Granted, they're not art students! The thing that surprised me was that they all seemed to have such realistic, normal dreams. One male student said he wanted to be a primary school teacher or teaching assistant. Another said a nurse. Another one said a social worker. They all said they wanted to own a house. Occasionaly, they wanted a mansion, but most just wanted a normal life with a normal amount of money.

This links closely into the American dream - having a secure home, a career and a family. I was surprised that these things hadn't really changed.

I was wondering if it made a difference that they were aged 16-18. I guess by this time, they realise that they won't become a famous actor, footballer or musician but that a simple and secure life is important. They are more realistic, rather than having big dreams. Saying that, one student did say he wanted to be Batman, but I think he was just saying that for effect.

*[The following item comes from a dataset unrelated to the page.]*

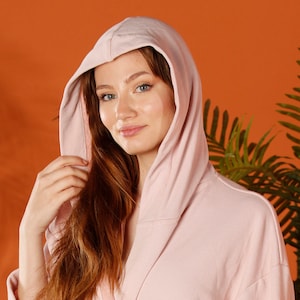 Pink Cotton Hooded Bathrobe: Soft Terry Robe with Pockets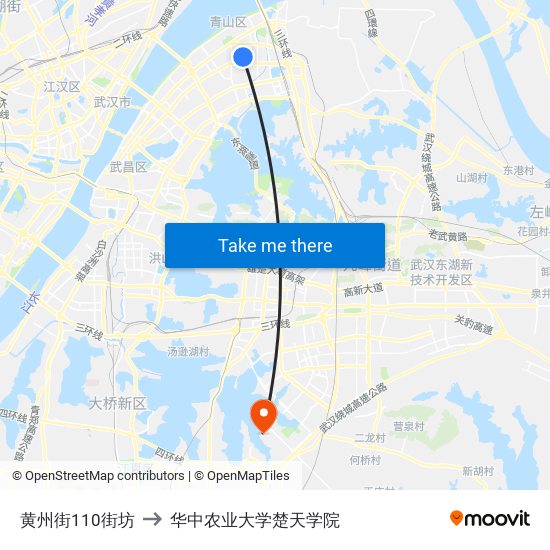 黄州街110街坊 to 华中农业大学楚天学院 map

The thing is, this life used to be much more achievable. These students are ones that have got a D in GCSE English before, and much lower in other subjects, and many are probably going to achieve a D again. It's not that they're not intelligent in their own ways, but many of them lack the willpower to force themselves to study and revise, and would never cope with a University course. Without being able to study at degree level they greatly reduce their chance of making a high income. They definitely could, but it isn't the same as 30 years ago where you could much more easily walk into a job and work your way through the company.

Many of these students will struggle to own a house. I would struggle to own a house, and I'm a teacher with a social worker boyfriend. We are professional people, yet we can't afford a good deposit and it will take years of saving. These students have such basic hopes and even these are difficult to achieve for this generation. It makes me sad that fairly average young people, who are willing to put in a fair, but not immense amount of work, are never going to get rewards. Of course, the extremely hardworking among them will claw their ways into decent positions, but not everyone has those levels of motivation, or should be expected to.

What are your views? Do you realistic dreams for the future? Do you think your dreams are achievable?